Notes from the Ladybug Studio
A year-end reflection on making time to create
Exactly two years ago, I went to a remote artist retreat in upstate New York for the final week of the year. I dug up this short piece I wrote while I was there.
On December 26, 2023, I arrived at Millay Arts for my first-ever artist residency. My living quarters and my own light-filled studio are in a barn at the foot of the Berkshires.
The air was gray, misty, and sleepy from post-Christmas celebrations when I hauled my four packed bags over to Penn Station from Brooklyn. My Amtrak train seemed to move through an opaque white cloud as we chugged up along the Hudson. But once my bags and I strapped into my chatty cabby’s ride, the sun broke out. I didn’t know what to expect on this journey, but I felt my tensions ease from my driver’s conversation and the view of clear blue skies through the bare winter trees.

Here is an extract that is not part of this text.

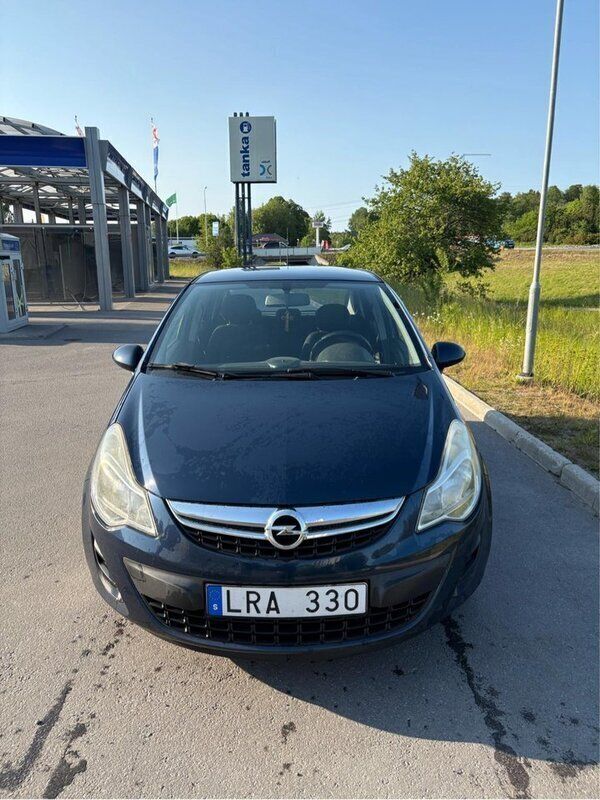 Blå Begagnad 2011 Opel Corsa Enjoy Halvkombi | 36 000 kr (Marknadspris) - Bild 1/4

Late-night online searching for some sort of escape led to my discovery of Millay Arts, which offers a quiet, peaceful winter retreat where artists can apply for time to create and reflect. While juggling my full-time job at the gallery, other freelance obligations, and recent health issues, I’d been frustrated with finding less and less time to devote to my illustrations. Getting into a headspace where I could draw and write freely had begun to feel harder to reach. Email threads and to-do lists followed me everywhere. If I didn’t get this week to myself, it meant I was prioritizing everyone and everything over me.
So when Calliope led me to the barn and casually opened the door to the spacious studio that would be mine for the week, I was emotional. After such a tough year, this was exactly what I needed.
I wrote down observations that first afternoon in the barn:
When I glance out of the window, all I see are treetops and sky.
I count
seveneight ladybugs currently—crawling on the windows of the studio. One keeps flying off and onto the windowpane, trying to find an opening. I always wonder how they got in if they can’t get out.
The presence of the ladybugs is impossible to ignore. This is their studio.
On December 27, my first full day at Millay, I woke up in the barn and climbed a flight of stairs to the big studio with my name on the door. I sat at one of the two desks and took in the quiet. Air particles floated in the beams of sunlight. I opened my laptop and the first page of my sketchbook, but I didn’t know what to do. Had no idea where to begin.
Gazing around the room, I wondered if the ladybugs held up some kind of mirror. Am I also slamming up against the window, unable to figure out how to get to where I want to be?
When I turned back to the materials I’d schlepped up here, my eye caught my new gouache paints. I knew it was time to experiment with them.
I made a sign that reads Ladybugs Live Here, which I later taped on the wall. I painted eight of them around the letters in their varying shades of red and orange (my favorite colors).
To recreate the ladybugs, I had to get down on the floor to peer closely at their tiny bodies—some dead, some alive and just sleeping, I learned—to LOOK at their unique spot patterns and colors.
Some have big, dark, chunky spots, like Dalmatians.
Some have a light orange color and the faintest spots you can barely distinguish.
On all of the ladybugs, the spots on each wing are perfectly symmetrical to the other.
They rest wherever they please on the floor—wings splayed open or tucked together—whether it’s right under my chair or blending in among the burgundy fibers on the rug. I must step gingerly around them so I don’t crush anyone with my big slippered feet.
Here, I spend entire days uninterrupted in the barn. I try not to think ahead about my plans back home when I return on the first of the new year. It is time consumed quietly painting, drawing, and writing between my two desks near the window light, with my tiny, curious companions. This is the Ladybug Studio.
In many ways, this tension between daily life and the desire to return to my creative practice is at the heart of a late bloomer’s desk, a theme I’ve explored throughout the year.
I didn’t leave Millay Arts with much finished work so much as a recalibrated sense of attention—toward small things, toward time, toward myself. Back home, that way of working proved harder to sustain. My schedule filled up and life moved quickly, as it always does. But the week there showed me that it was possible.
At the close of another year, two years later, I reread this and feel proud for having given that time to myself at all. The Ladybug Studio was a gift. I can’t always protect that kind of peace in daily life, but I can try to make room for it.
We can all honor ourselves by starting again.





The ladybug metaphor working on multiple levels here is realy well done. The image of them pressing against the glass feels like such a precise capture of that creative frustration when life crowds out making space for work. I've had similar moments where stepping away completley (even just for a few days) recalibrates what's actually possible versus what just feels impossible because everything else is so loud. The detail about observing their spot patterns to paint them accurately is a nice touch too, it shows how slowing down changes what you notice. Hope you've been able to carry some of that energy forward.